Valley Medical Center in Renton. Photo by Bailey Jo Josie/Sound Publishing

Valley Medical Center in Renton. Photo by Bailey Jo Josie/Sound Publishing

Update on Valley Medical Center’s recent challenges

District board pauses some cutbacks

Valley Medical Center in Renton continues down a winding, uncertain road as clinics are closed down, Medicaid funding is denied and then approved, and a lawsuit against the hospital is filed and then denied by a judge.

Following a May 12 announcement of Valley’s closing of two inpatient units, five clinics and the consolidation of two clinics in South King County by the end of June, the District Healthcare System Board of Trustees held a special meeting on June 3 to discuss the late May decision from the federal government to approve Washington state’s Medicaid funding for the calendar year 2025 — which had been originally denied in January, leading to over 100 non-union layoffs a few months earlier in March.

On June 23, the Healthcare Workers’ Union (SEIU Healthcare 1199NW) filed a lawsuit with King County Superior Court against Valley, seeking an “injunctive relief and enforcement of the Board of Trustees’ motion to pause layoffs and closures.” One of the lawsuit’s claims was that the closure of some of Valley’s clinics were “unlawful.”

A few days later on June 26, a declaration to the Superior Court from Valley CEO and CFO Jeannine Grinnell said that after the federal funds had finally been approved in late May, Valley “management and its commissioners decided it would be appropriate to pause, where feasible,” the May 12 layoffs.
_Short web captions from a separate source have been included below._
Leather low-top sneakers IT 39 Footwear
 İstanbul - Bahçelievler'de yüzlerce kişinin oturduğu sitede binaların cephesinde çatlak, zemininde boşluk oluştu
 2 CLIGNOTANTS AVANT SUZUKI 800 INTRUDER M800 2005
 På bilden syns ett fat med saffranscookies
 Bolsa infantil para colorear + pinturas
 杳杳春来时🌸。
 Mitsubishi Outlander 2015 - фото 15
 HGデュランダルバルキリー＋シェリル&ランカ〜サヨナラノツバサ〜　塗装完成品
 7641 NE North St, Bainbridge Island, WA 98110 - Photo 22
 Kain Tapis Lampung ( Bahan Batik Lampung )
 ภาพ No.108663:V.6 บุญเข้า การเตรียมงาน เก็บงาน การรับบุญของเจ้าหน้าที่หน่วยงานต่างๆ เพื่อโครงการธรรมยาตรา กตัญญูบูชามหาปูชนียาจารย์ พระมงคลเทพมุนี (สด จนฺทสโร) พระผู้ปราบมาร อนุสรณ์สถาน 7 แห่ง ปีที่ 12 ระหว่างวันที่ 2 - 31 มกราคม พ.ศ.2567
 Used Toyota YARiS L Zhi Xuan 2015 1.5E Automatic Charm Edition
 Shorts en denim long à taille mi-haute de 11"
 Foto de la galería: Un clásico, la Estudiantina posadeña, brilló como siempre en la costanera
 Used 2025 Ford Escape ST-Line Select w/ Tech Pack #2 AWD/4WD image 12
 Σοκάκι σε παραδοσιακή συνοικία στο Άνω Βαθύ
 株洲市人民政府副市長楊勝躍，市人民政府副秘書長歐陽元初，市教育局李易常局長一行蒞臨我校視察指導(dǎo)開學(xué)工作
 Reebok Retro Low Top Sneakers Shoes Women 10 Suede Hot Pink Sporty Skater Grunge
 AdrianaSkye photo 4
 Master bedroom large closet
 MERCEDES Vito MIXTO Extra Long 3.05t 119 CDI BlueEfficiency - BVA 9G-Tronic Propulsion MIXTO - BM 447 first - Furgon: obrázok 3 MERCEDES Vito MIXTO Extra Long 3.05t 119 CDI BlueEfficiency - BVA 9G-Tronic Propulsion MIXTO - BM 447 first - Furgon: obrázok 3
Grinnell declared that this was done so that Valley “could fully consider whether changes to our cost-cutting plan were feasible and appropriate in light of the impending release of [Washington state’s Medicaid Hospital Directed Payment Program] funds, as well as the many financial uncertainties and hazards that continued to loom.”

In the declaration, Grinnell talked about the June 3 special meeting.

“At that meeting, and with the full support of the Board of Commissioners, I requested that the Board vote to pause our then ongoing cost-containment strategies, so we could fully analyze the impact of the release of the [Direct Payment Program] funds. At that meeting the Board voted to pause ‘where feasible’ the cost containment steps we were taking,” Grinnell said.

On June 26, the Superior Court denied the SEIU’s motion for the temporary restraining order.

Prior to Valley’s 2025 financial uncertainties and layoffs, the Valley Board of Commissioners decided to end its “strategic alliance” with UW Medicine in December 2024. The contract will officially cease on Dec. 31, 2026.